Объяснялось это отнюдь не человеколюбием и не может считаться заслугой. Скорее, было просто неразумно открывать прицельный огонь, да и не имелось на то особой нужды.
Поэтому мои обычные заверения, что за ту неделю, когда война цепко держала меня, я ни разу не совместил мушку с прорезью, наводя их на цель, не затаил дыхание, чтобы плавно спустить курок, и вообще не сделал ни единого выстрела, лишь немного заглушают пришедшее позднее чувство стыда. Словом, мы действительно не стреляли, это точно. С меньшей уверенностью могу припомнить, когда именно сменил свою форменную куртку на другую, не столь сильно компрометирующую меня. Сам ли я додумался до этого?
Вероятно, старший ефрейтор приказал мне сменить форму из-за двух рун на моем воротнике, да еще помог мне сделать это. Не нравились ему значки SS. Из-за них он и сам оказывался в плохой компании, хотя раньше у нас не было разговора на сей счет.
Наверное, это произошло еще в заставленном банками подвале или на каком-нибудь привале, когда старший ефрейтор, намылив лицо, побрился, затем закурил сигарету и сказал: «Если Иваны нас поймают, тебе — конец.

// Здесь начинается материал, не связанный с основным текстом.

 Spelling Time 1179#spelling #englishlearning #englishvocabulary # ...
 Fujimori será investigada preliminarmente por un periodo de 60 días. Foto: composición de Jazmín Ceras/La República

Парней с такими цацками на воротнике расстреливают на месте. Пулю в затылок, и привет!»
Где-то он «организовал», как это называлось на солдатском жаргоне, обычную армейскую куртку. Без пулевых отверстий и пятен крови. Она даже подходила мне по размеру. Таким, без двойной руны «зиг», я нравился ему куда больше. Да и я ничего не имел против нового обмундирования.
Так заботлив был мой ангел-хранитель. Подобно тому, как Херцбрудер всегда приходил на выручку Симплицию в минуту смертельной опасности, так и я, сменивший обличье, мог целиком положиться на моего старшего ефрейтора.